Two years ago, organizers started digging more deeply into the gurdwara's past. They discovered journals and ledger books from the early 20th century. College students have spent the summer painstakingly taking photographs of yellow and dog-eared pages written decades ago. They have worked out of a closet-sized room in the gurdwara complex. The original ledger books are kept inside a safe almost as large as the room itself.

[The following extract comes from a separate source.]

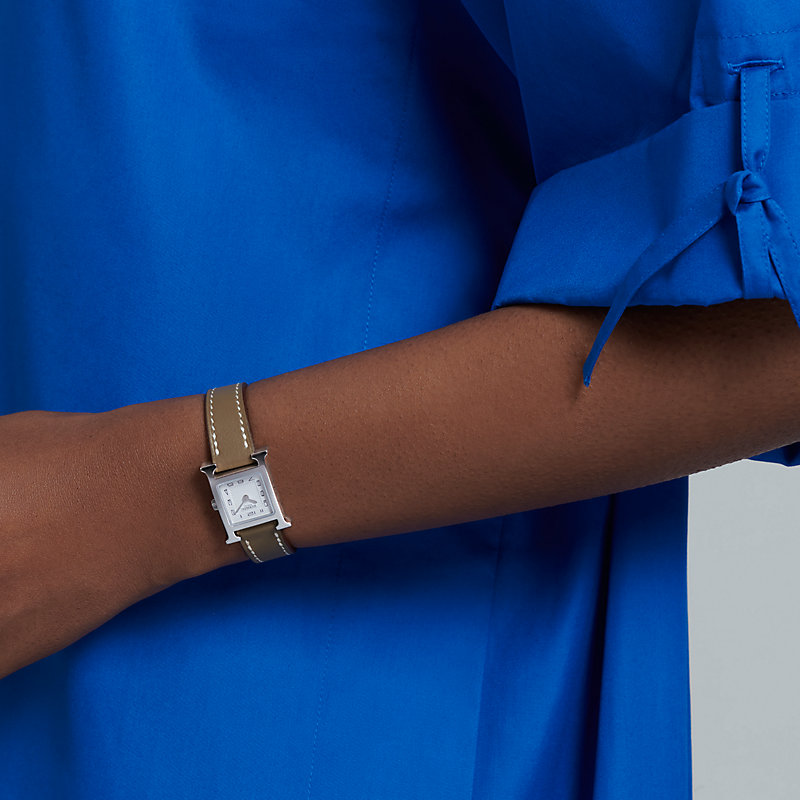 Hermes heure h watch mini Hウォッチ ミニ【ランク:A】 Heure H watch, Mini model, 21 mm | Hermès USA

"I wanted to help shape the Sikh identity in America," said 19-year-old volunteer Rajan Gill of Yuba City. The University of California, Davis, senior is a cousin of Lodi's Ricky Gill, who at 25 is running as a Republican for California's 9th Congressional District seat.
Sikh-Americans, a proud people, celebrate those kinds of relationships - alongside their 100 years of tolerance and faith in America.
"And this is the place where people come to see that," Bhajan Singh said. "It is more important than ever that Americans go to each other's places of worship and homes and celebrations.
"That's the best way to be a united nation."
Beginning this weekend, the local Sikh-American community is hosting several weeks of activities acknowledging its rich heritage in Stockton.
It started on Saturday with a conference - "The Sikh Journey in America" - inside the Faye Spanos Concert Hall at the University of the Pacific.
It culminates on October 14 with the second day of a two-day grand finale, complete with parade, food, booths and entertainment.
Organizers expect huge crowds from all over Northern California. They've worked hard to commemorate the past on a large scale.
After the academic events are over and the parade crowds have gone home, the Gurdwara and its members will still congregate on the sacred ground that has been theirs for 100 years.
"Only a few have been here longer than I have," Manjit Singh said. "This is it for me. This is where I will die."
Stockton Sikhs are about to begin a three-week centennial celebration.
• Saturday, September 22, 2012: A Western-perspective conference on "The Sikh Journey in America," 8 a.m. to 6 p.m., Faye Spanos Concert Hall, University of the Pacific. Sixteen speakers from across the globe.
• Sunday, September 23, 2012: Opening day for an in-progress Sikh History Museum, Gurdwara Sahib, 1930 S. Grant St. The principal artifact is the hand-cranked printing press used by the Ghaddar Party from 1913 to 1948.
• September 30, 2012: An Eastern-perspective conference on "100 Years of Sikhs in America," 8:45 a.m. to 5:30 p.m., De Rosa Ballroom, University of the Pacific. Sixteen speakers on topics such as the Ghaddar Party and concepts of freedom.
• October 13-14, 2012: A Community Centennial Celebration, Stockton Gurdwara, 1930 S. Grant St. The first day's program includes local and regional dignitaries, including government officials; the second day involves a traditional Sikh parade.